Absurdia - Świat pełen absurdów, błędów, przeciwieństw i sprzeczności…
Powstanie
Istnieje wiele teorii jak zaistniał - jednak najprawdopodobniej po prostu powstał z błędów które swoją przesadą nie miały prawa się ukazać nawet na planach Astralnym czy też Odległej Dziedzinie. Z tego powodu roi się w niej od wynaturzeń oraz skrajnych potęg żywiołów, konstruktów, nekromancji i energii. Nawet potężne postacie mogą w każdej chwili tajemniczo zniknąć - istnieją tu obszary tworzące czary nie mające prawa zaistnieć nigdzie indziej, rzeczywistość jest tu bez przerwy samoistnie naginana a całość dzieli się na niezliczone pseudoplany - czasami wystarczy jeden błędny krok i trzeba wybierać czy odgryźć sobie nogę, czy też skonać z głodu. Zdarzało się nawet że czas się zatrzymywał - a po jego wznowieniu wiele przedmiotów oraz postaci zmieniła swoje miejsce oraz właściwości, oprócz tego w tym świecie przeróżne ottwory przy pomocy magii zostawały w stanie uśpienia przez tysiące lat, by po powstaniu siać chaos i zniszczenie w całych społecznościach pobliskich ras. Istnieją wreszcie spokojniejsze obszary, gdzie absurdy życia codziennego znacznie rzadziej dają się odczuć na skórze występujących tam istot.
Religia
Ze względu na niezliczone połączenia Absurdii istnieje ogromna liczba bóstw, z tego wiec powodu nalezy założyć że funkcjonują tam wszelkie potęgi z innych światów, pod warunkiem że nie naruszają siłą równowagi, lub wymagają specjalnych zasad do wprowadzenia.

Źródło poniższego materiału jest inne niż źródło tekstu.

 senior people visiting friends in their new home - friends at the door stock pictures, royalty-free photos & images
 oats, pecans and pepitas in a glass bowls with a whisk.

Tak więc w Absurdii jako patrona można wybrać wszystkie bóstwa z Faerunu z następującymi różnicami:
-Lolth zastępuje Kargoth
Gracze
Absurdia jest jednocześnie wyzwaniem i błachostką - zależnie od potrzeb. Ciągłe zmiany mechaniki pozwalają pokonać bohaterom największe monstra, lecz zazwyczaj źle kończy się to dla tych drugich.
Mechanika Absurdii
Absurdia swoją złożonością zaprzecza całej ogólnopojętej logice. Niezwykle trudno przewidzieć tu cokolwiek, nie istnieje więc tu zbyt wiele czarów wieszczenia, co tym samym wyklucza możliwość wyboru specjalizacji Wieszcza, a wszelkie rzuty kośćmi są nieraz zakłócane.
Wszystkie przypadki niestandardowej pisowni, gramatyki czy interpunkcji uznaje się niniejszym za zamierzone i winny być traktowane jako dowcipy.